Stored data:
* * * * *

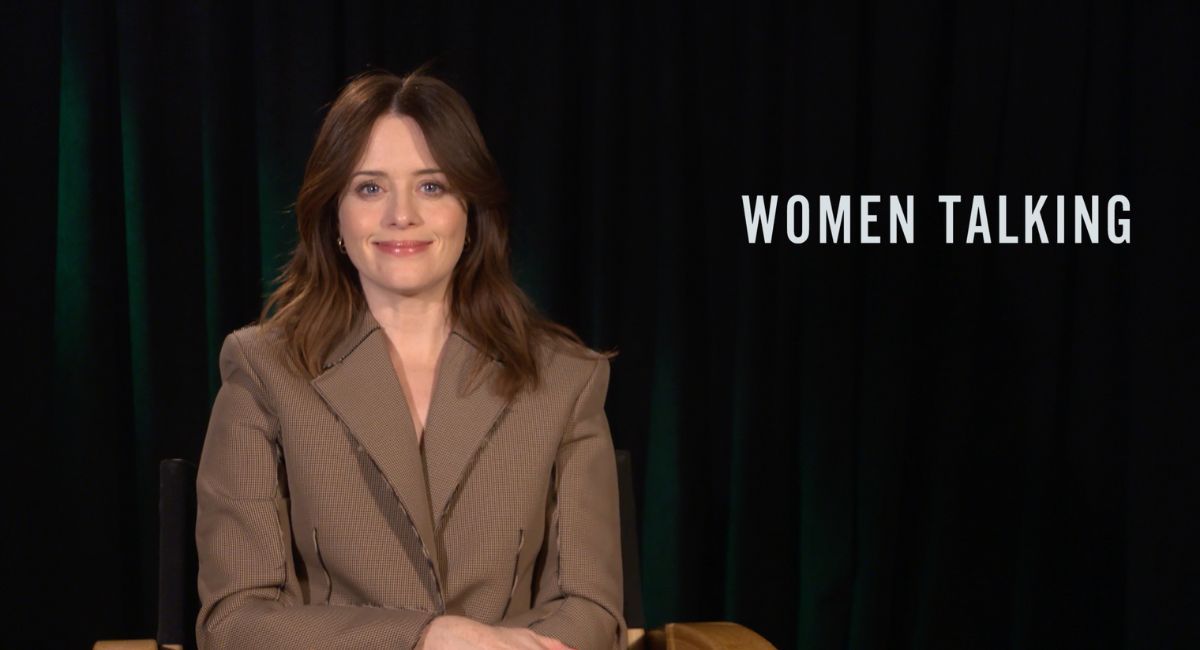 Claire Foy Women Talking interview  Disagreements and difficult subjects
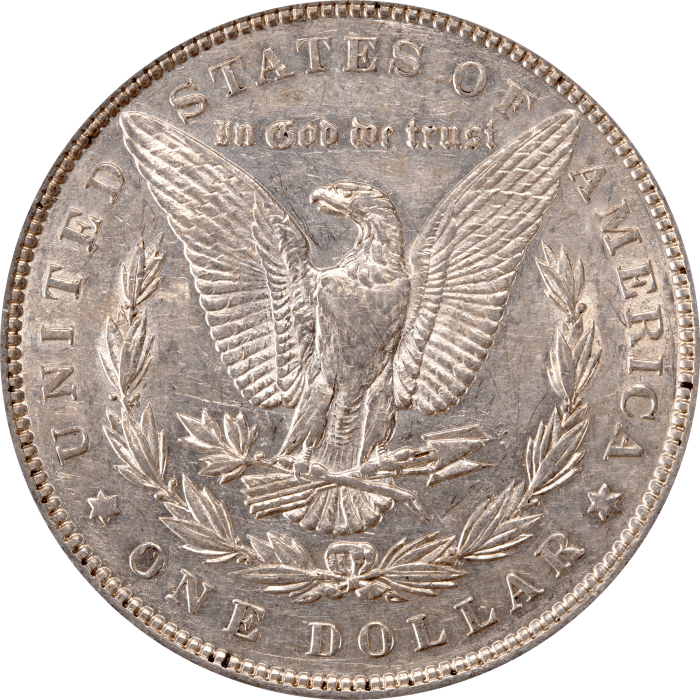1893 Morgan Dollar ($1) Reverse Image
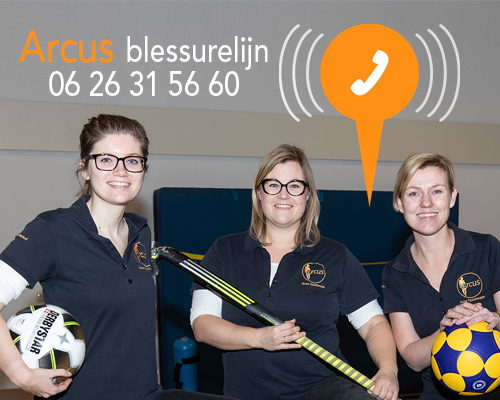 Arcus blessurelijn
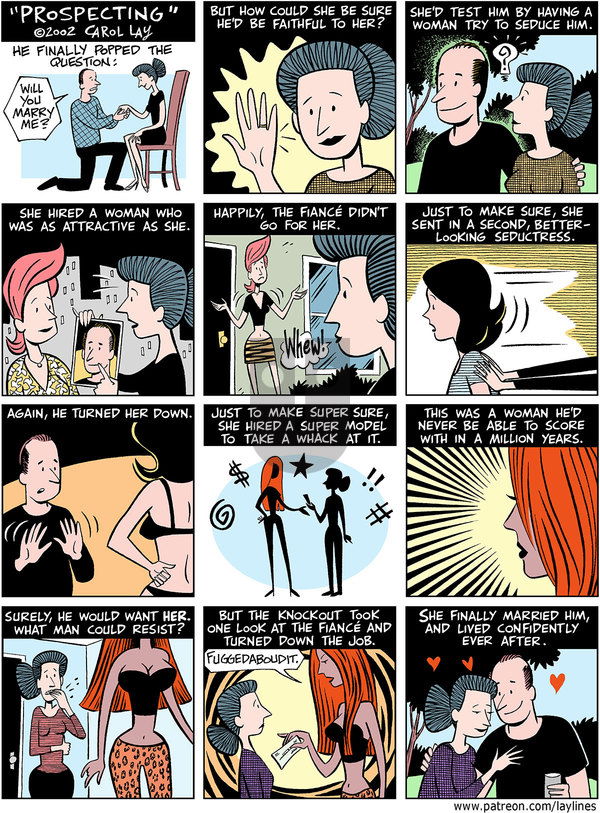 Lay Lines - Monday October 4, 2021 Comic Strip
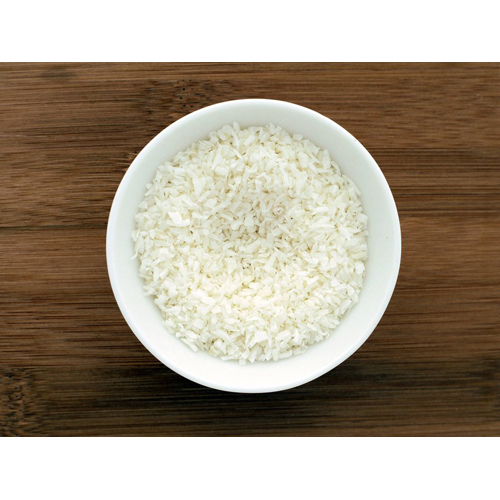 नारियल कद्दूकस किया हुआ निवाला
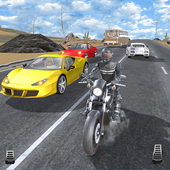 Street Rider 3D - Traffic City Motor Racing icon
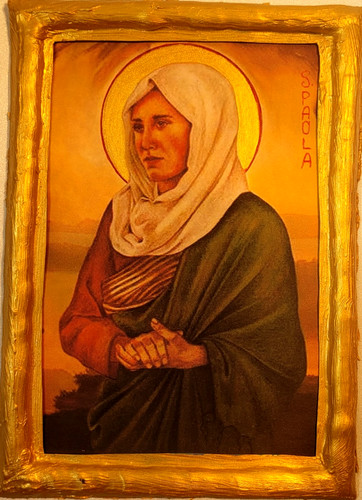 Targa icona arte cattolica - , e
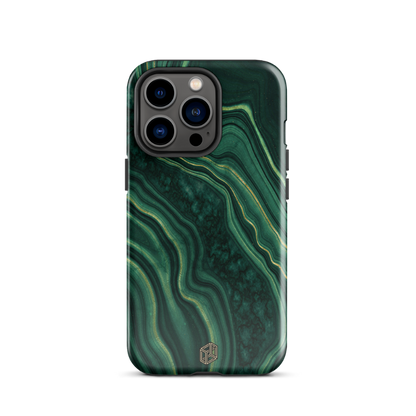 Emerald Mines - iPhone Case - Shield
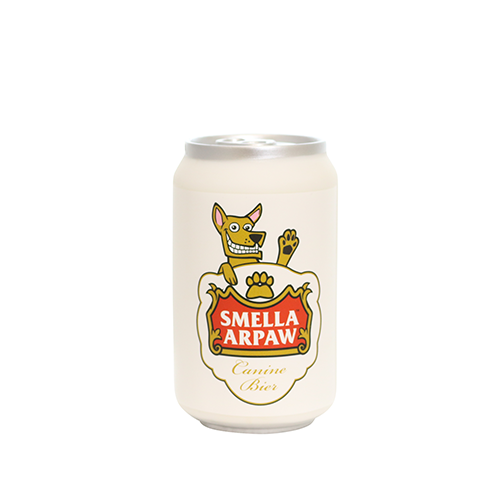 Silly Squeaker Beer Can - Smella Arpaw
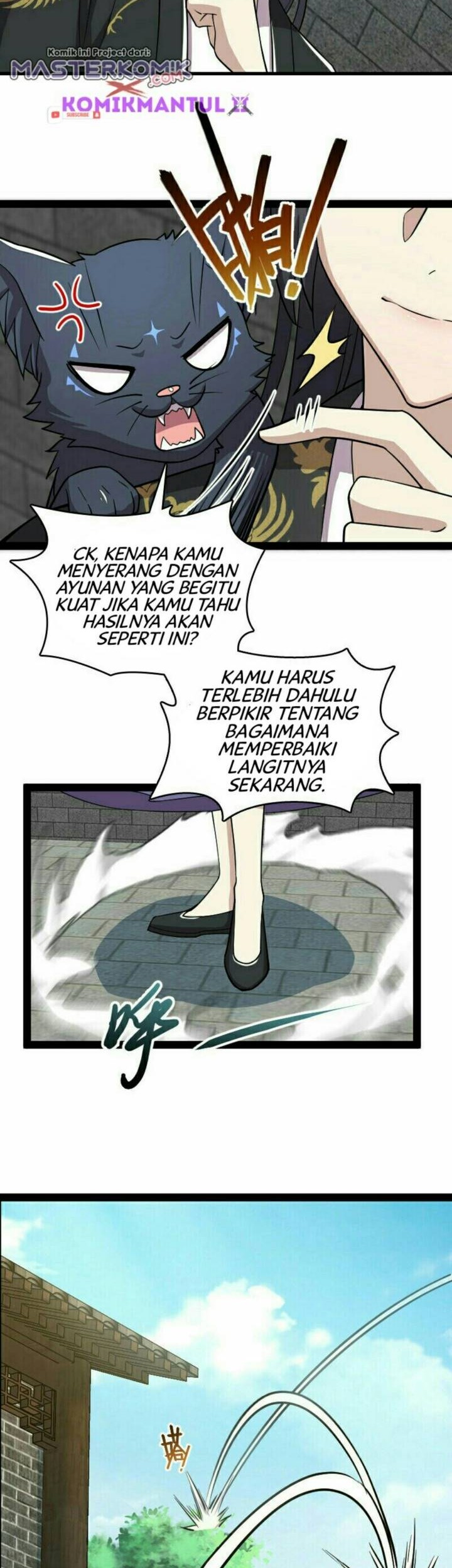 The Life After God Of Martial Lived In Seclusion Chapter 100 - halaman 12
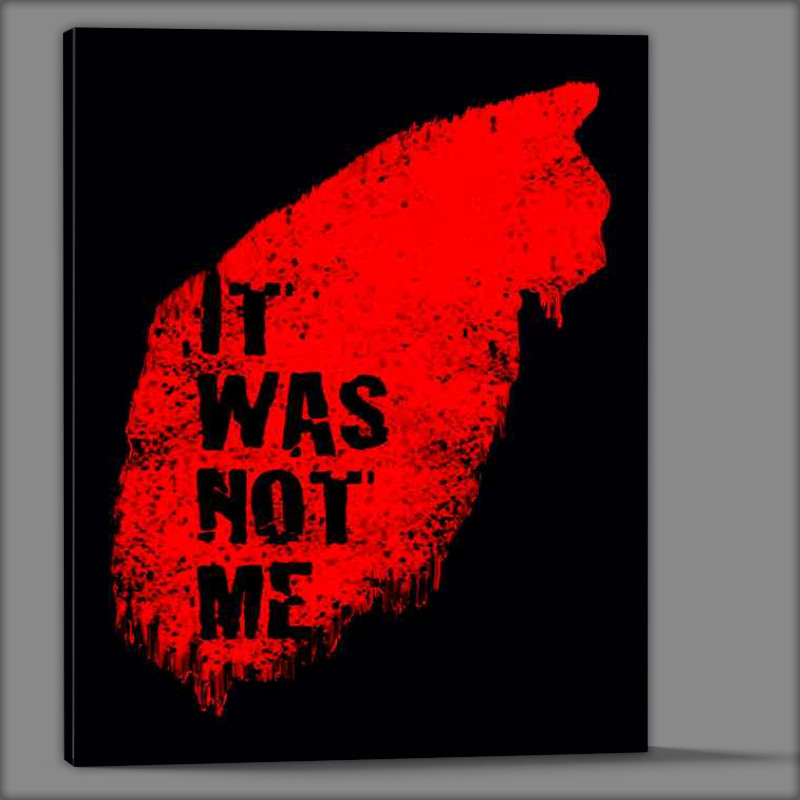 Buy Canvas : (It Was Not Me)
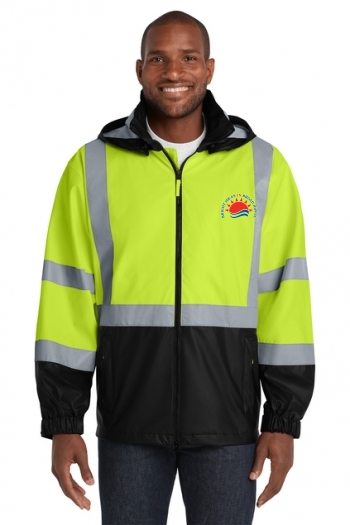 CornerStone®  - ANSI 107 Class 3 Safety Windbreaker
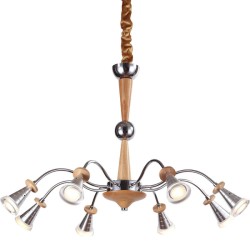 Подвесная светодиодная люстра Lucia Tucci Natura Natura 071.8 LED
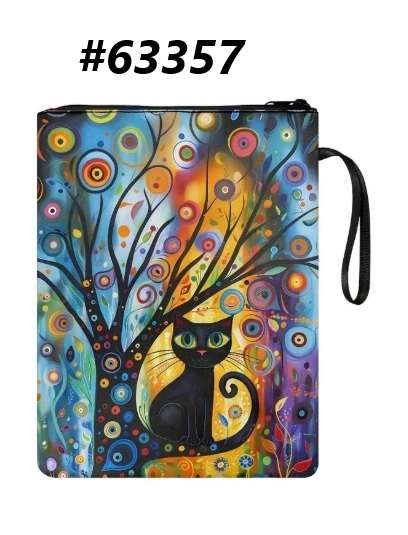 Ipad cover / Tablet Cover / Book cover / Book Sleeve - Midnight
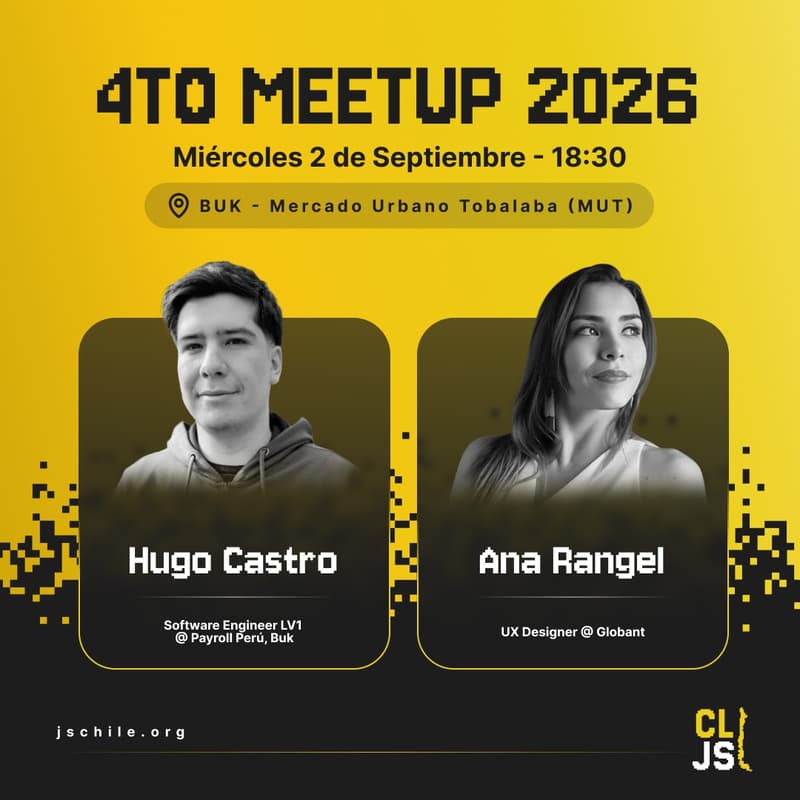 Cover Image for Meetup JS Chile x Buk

* * * * *

__Problem description__:
Starting at the line above that contains "नारियल कद्दूकस किया हुआ निवाला", transcribe every line exactly through the line that contains "Подвесная светодиодная люстра", including that last one, and skip the pictures.

__Completed exercise__:
 नारियल कद्दूकस किया हुआ निवाला
 Street Rider 3D - Traffic City Motor Racing icon
 Targa icona arte cattolica - , e
 Emerald Mines - iPhone Case - Shield
 Silly Squeaker Beer Can - Smella Arpaw
 The Life After God Of Martial Lived In Seclusion Chapter 100 - halaman 12
 Buy Canvas : (It Was Not Me)
 CornerStone®  - ANSI 107 Class 3 Safety Windbreaker
 Подвесная светодиодная люстра Lucia Tucci Natura Natura 071.8 LED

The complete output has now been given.